_What needs to be done_: Starting at the line that contains "Inktastic Hip Hop", output each line exactly as written through the end of the listing below, but leave out the pictures.

_Data excerpt_:
++++++++++

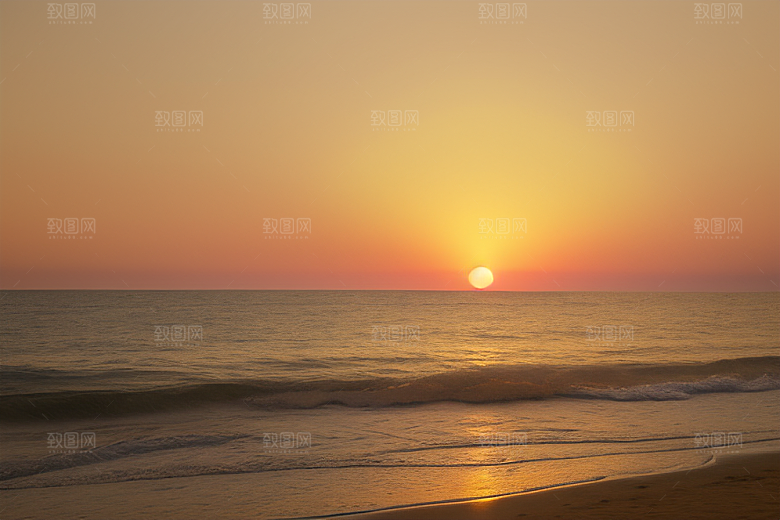 海边日出的金色曙光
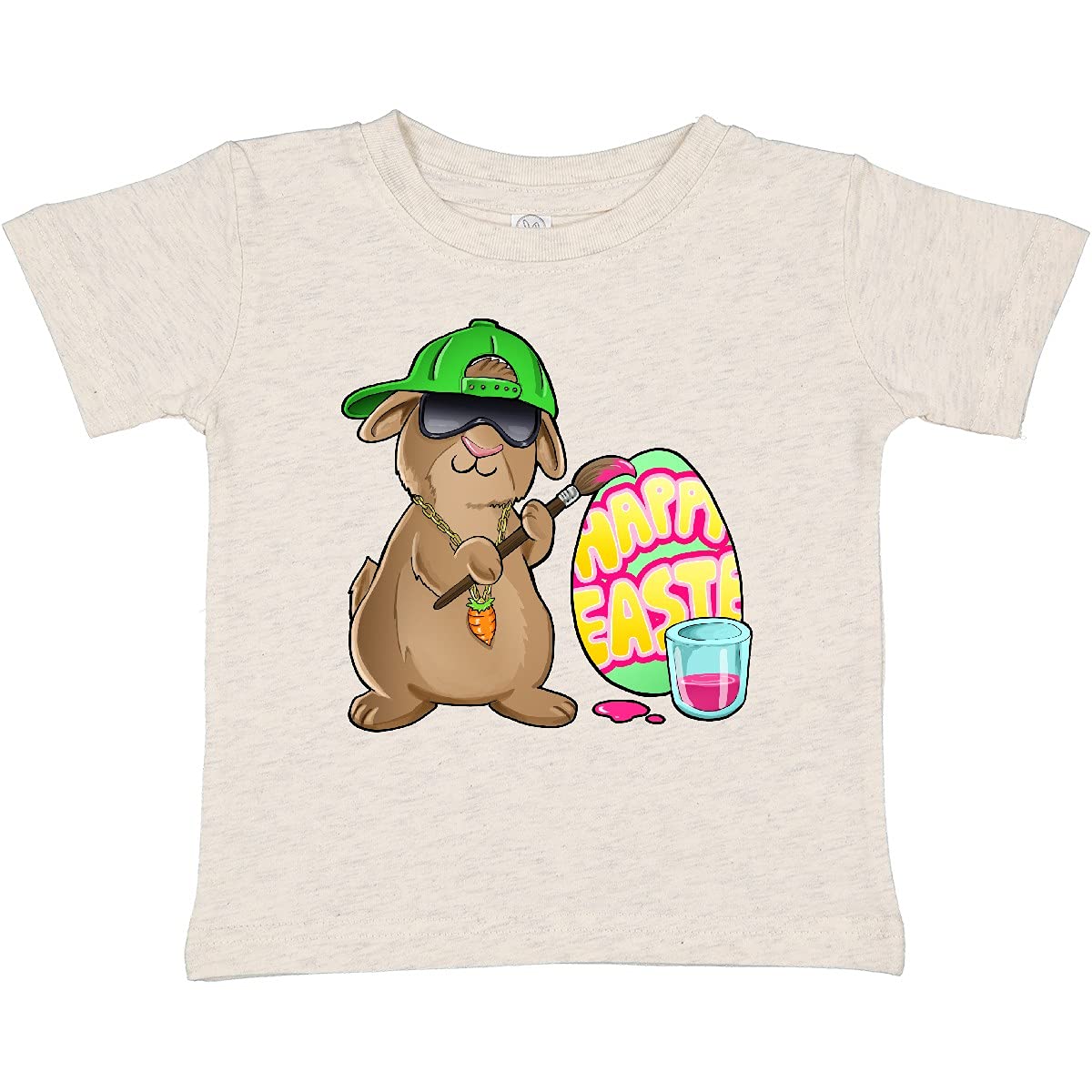 Inktastic Hip Hop Artist Cute Brown Easter Bunny Painting Egg Baby T-Shirt - Perfect for Easter Celebrations, Baby Showers & Hip Hop Themed Parties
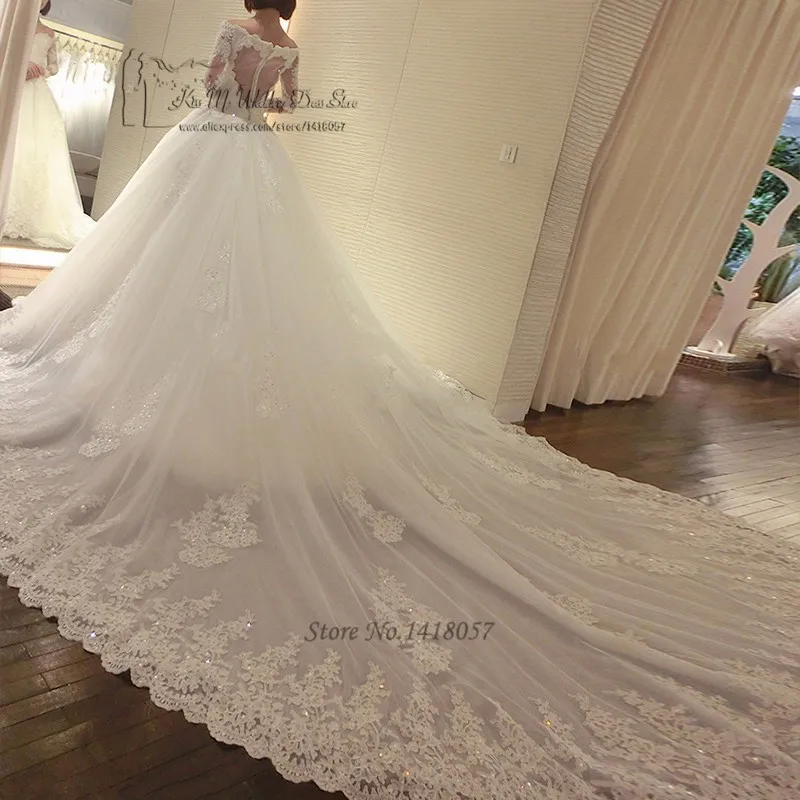 Роскошное Свадебное платье с длинным шлейфом Vestido de Renda Casamento, свадебное платье принцессы, кружевное свадебное платье с блестками и длинным рукавом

++++++++++

_Reply_:
 Inktastic Hip Hop Artist Cute Brown Easter Bunny Painting Egg Baby T-Shirt - Perfect for Easter Celebrations, Baby Showers & Hip Hop Themed Parties
 Роскошное Свадебное платье с длинным шлейфом Vestido de Renda Casamento, свадебное платье принцессы, кружевное свадебное платье с блестками и длинным рукавом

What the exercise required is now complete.